🤖 AI Summary
The clinical adoption of black-box AI in stereotactic radiosurgery (SRS) is hindered by its opacity and lack of interpretability. Method: We propose SAGE—the first large language model (LLM)-based agent system integrating chain-of-thought (CoT) reasoning for fully automated single-fraction 18-Gy SRS planning for brain metastases. SAGE employs dose-constraint modeling, prospective constraint validation, multi-objective trade-off analysis, and a human-in-the-loop feedback loop to enable auditable, traceable, human-like reasoning and generate comprehensive optimization logs. Results: Experimental evaluation shows no statistically significant difference between SAGE and manual plans for key dosimetric metrics—including PTV coverage and maximum dose (p > 0.21)—while significantly reducing cochlear dose (p = 0.022).

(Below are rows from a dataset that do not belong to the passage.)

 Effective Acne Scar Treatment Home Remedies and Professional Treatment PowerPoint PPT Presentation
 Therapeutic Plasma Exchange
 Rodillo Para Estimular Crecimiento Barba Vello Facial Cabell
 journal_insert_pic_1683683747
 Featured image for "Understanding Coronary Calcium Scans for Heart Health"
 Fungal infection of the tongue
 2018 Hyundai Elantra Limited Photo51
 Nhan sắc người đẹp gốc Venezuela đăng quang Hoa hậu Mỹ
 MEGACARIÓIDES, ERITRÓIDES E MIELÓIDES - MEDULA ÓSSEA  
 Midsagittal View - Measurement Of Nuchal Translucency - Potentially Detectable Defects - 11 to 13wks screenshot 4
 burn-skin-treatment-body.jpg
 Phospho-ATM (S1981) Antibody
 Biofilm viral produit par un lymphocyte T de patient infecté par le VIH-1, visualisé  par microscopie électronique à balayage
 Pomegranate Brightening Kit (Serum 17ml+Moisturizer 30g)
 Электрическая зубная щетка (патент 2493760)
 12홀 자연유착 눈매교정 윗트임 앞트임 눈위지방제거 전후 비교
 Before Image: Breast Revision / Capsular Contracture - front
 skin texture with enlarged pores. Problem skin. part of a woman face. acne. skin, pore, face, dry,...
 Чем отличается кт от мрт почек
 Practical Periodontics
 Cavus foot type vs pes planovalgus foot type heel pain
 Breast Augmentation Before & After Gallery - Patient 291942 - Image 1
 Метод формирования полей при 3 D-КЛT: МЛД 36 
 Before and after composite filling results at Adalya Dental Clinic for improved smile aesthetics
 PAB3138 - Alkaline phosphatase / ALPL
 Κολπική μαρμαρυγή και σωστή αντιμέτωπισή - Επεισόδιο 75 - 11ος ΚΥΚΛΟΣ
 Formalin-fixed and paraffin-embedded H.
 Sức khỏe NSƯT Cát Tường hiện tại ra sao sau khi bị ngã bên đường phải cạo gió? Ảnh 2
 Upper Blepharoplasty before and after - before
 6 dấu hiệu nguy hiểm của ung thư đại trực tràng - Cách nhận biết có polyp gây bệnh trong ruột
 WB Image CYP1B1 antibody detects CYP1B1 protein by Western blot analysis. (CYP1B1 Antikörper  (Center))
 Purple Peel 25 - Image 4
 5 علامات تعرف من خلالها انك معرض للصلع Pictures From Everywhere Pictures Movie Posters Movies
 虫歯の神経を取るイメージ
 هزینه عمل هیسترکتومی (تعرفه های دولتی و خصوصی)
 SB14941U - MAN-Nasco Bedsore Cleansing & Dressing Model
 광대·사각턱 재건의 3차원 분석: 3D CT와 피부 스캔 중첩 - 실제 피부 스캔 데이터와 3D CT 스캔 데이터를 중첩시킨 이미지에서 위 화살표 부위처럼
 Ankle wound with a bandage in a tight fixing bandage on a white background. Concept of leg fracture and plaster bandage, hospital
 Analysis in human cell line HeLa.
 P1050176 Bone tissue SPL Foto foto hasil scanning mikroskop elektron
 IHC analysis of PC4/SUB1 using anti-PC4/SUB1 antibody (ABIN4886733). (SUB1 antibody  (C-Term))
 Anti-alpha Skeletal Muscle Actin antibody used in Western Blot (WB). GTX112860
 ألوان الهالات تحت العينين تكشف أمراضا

The system executed 457 constraint validations and 609 trade-off analyses, directly addressing the core clinical trust barrier for AI in radiotherapy planning.
📝 Abstract
Stereotactic radiosurgery (SRS) demands precise dose shaping around critical structures, yet black-box AI systems have limited clinical adoption due to opacity concerns. We tested whether chain-of-thought reasoning improves agentic planning in a retrospective cohort of 41 patients with brain metastases treated with 18 Gy single-fraction SRS. We developed SAGE (Secure Agent for Generative Dose Expertise), an LLM-based planning agent for automated SRS treatment planning. Two variants generated plans for each case: one using a non-reasoning model, one using a reasoning model. The reasoning variant showed comparable plan dosimetry relative to human planners on primary endpoints (PTV coverage, maximum dose, conformity index, gradient index; all p > 0.21) while reducing cochlear dose below human baselines (p = 0.022). When prompted to improve conformity, the reasoning model demonstrated systematic planning behaviors including prospective constraint verification (457 instances) and trade-off deliberation (609 instances), while the standard model exhibited none of these deliberative processes (0 and 7 instances, respectively). Content analysis revealed that constraint verification and causal explanation concentrated in the reasoning agent. The optimization traces serve as auditable logs, offering a path toward transparent automated planning.